— Старая ведьма! — рычал я. — Ошалевшая самка! Толстопузая уродина! Жирная свинья! Деревенщина! Лохань с грязным бельем! Корыто с помоями! Бочка с салом! Ошибка природы! Обжора! Бездонная цистерна! Супердрянь! Колбасное изделие! Бородавочница!
   Некоторое время я продолжал в том же духе, но обнаружив, что двигатель в порядке и руль не погнут, закончил представление.
* * *
   Долгое молчание освежает ум. Оно, словно армейский старшина, наводит порядок в башке, дисциплинирует мысль.
   Мой гнев медленно таял и к тому времени, как показались желтые огни пригорода, исчез без следа.
   Берта почувствовала, что можно вставить слово.
   — Дурь на меня нашла, — извинилась она.
   Уж не знаю, как луженая глотка толстухи смогла воспроизвести робкое щебетание маленькой девочки.
   В ответ я проворчал нечто нечленораздельное.
   Берта продолжала каяться:
   — Все моя чувствительность. У меня пылкий темперамент! Иначе не могу: если мужчина меня околдует, должна познакомиться с ним поближе.

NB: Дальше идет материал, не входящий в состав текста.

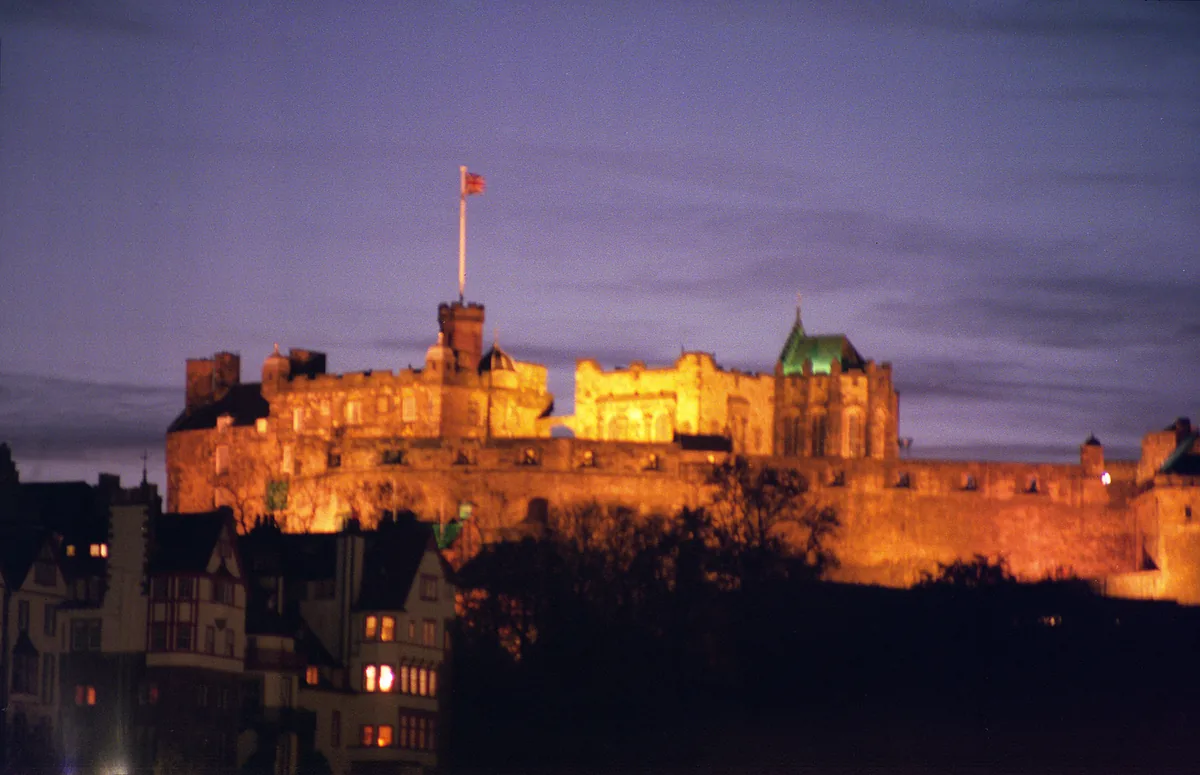 Edinburgh Castle floodlit orange on its rock above the city at night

   Звучит заманчиво. Но я на эту удочку не попадусь.
   — Надеюсь, вы застрахованы? — осведомилась мадам Округлость. — А то у меня есть кое-какие сбережения, я могла бы поучаствовать в убытках.
   — Не беспокойтесь. Я все беру на себя. Она испустила вздох облегчения. С ее легкими можно надувать паруса.

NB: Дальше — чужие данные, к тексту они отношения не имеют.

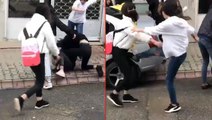 Genç kızı sokak ortasında yere yatırıp tekme tokat dövdüler! Dehşet veren o anlar kamerada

   — Ну ладно. Только не говорите о моей заначке Берюрье, этот мерзавец взломает копилку. Мот, каких поискать! Я имею в виду, любит набить брюхо. Все готов просадить на жратву. Ему невдомек, что, если не откладывать денежки, далеко не уедешь. Я же умею заглянуть в будущее. Вот что я скажу вам, комиссар, никогда не выхожу из дома, не упрятав парочки банкнот за подкладку сумочки. Боюсь внезапно оказаться на мели, такое уже случалось. Вообразите, однажды в метро паренек лет двадцати, сказочный красавчик, голову потерял, сидя рядом со мной. Он так нежно поглаживал мои коленки, словно массажист в бане! Я с ним разговорилась. Он спросил, не уединиться ли нам. Да только у него не было при себе ни гроша. Можно быть страстным и бедным, не казнить же за это! Представьте на минутку, Сан-Антонио, что было бы, если бы я не прихватила с собой заначку? Чем бы я тогда заплатила за комнату в отеле и бутылочку шипучки, поддавшей нам жару? А? Нет, вы ответьте…
   Я не отвечал, глубоко погрузившись в раздумья.

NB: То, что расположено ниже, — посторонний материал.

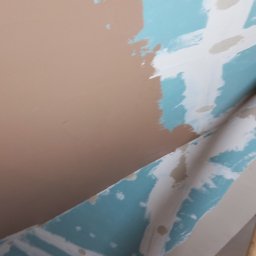 MJ serwis budowlany - Ściana pod skosem w trakcie gładzenia: fragment pomalowany na beżowo, reszta na niebiesko z białymi pasami. Widoczny fragment okna. Praca w toku.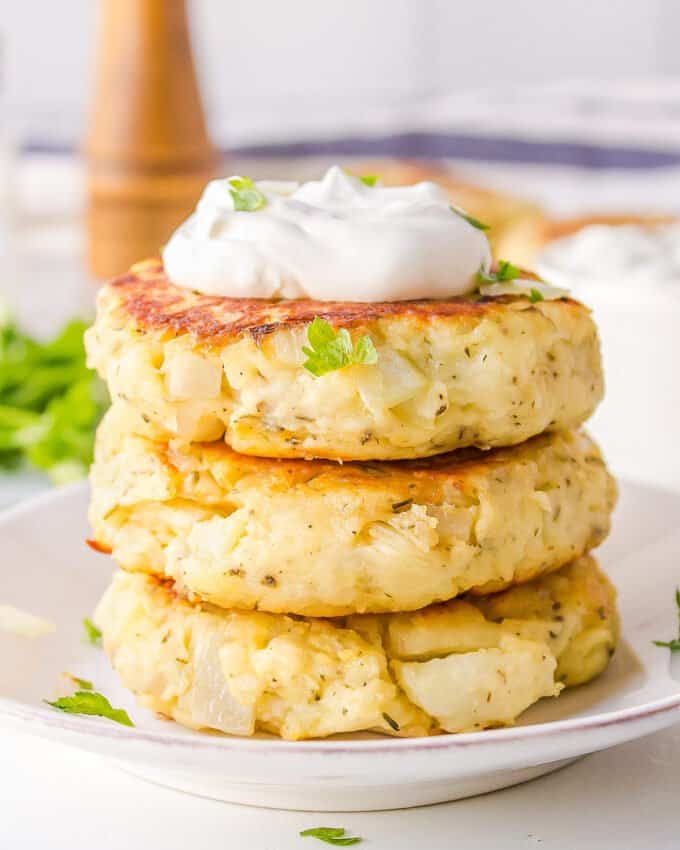 stack of 3 potato pancakes topped with sour cream on white plate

   Мы проехали голубой щит с надписью “Париж”. Меня неизменно умиляет скромный вид указателя, словно на нем написано “Прачечная” или “Закусочная”. Всего-навсего “Париж” вместо “Вавилон”. Ложное смирение, лишь подтверждающее утонченное величие.
   У меня возникло странное чувство, будто я возвращаюсь из далекого путешествия. Пять магических букв подстегнули меня, придали сил. На маленькой площади часы показывали два. Сна не было ни в одном глазу.
   Подруга Мамонта, прервав сердечные излияния, спросила:
   — Что будем делать?
   — Пахать, — ответил я.
   Она сделала вид, что поняла.
   Я ехал по набережной, пустынной в этот час, словно шоссе в Албании. Сена казалась неподвижной. Справа цветастой кисточкой покачивалась Эйфелева башня на фоне ночного неба. Я прибавил скорости… Туннель на Трокадеро, площадь Согласия… Миновали Лувр…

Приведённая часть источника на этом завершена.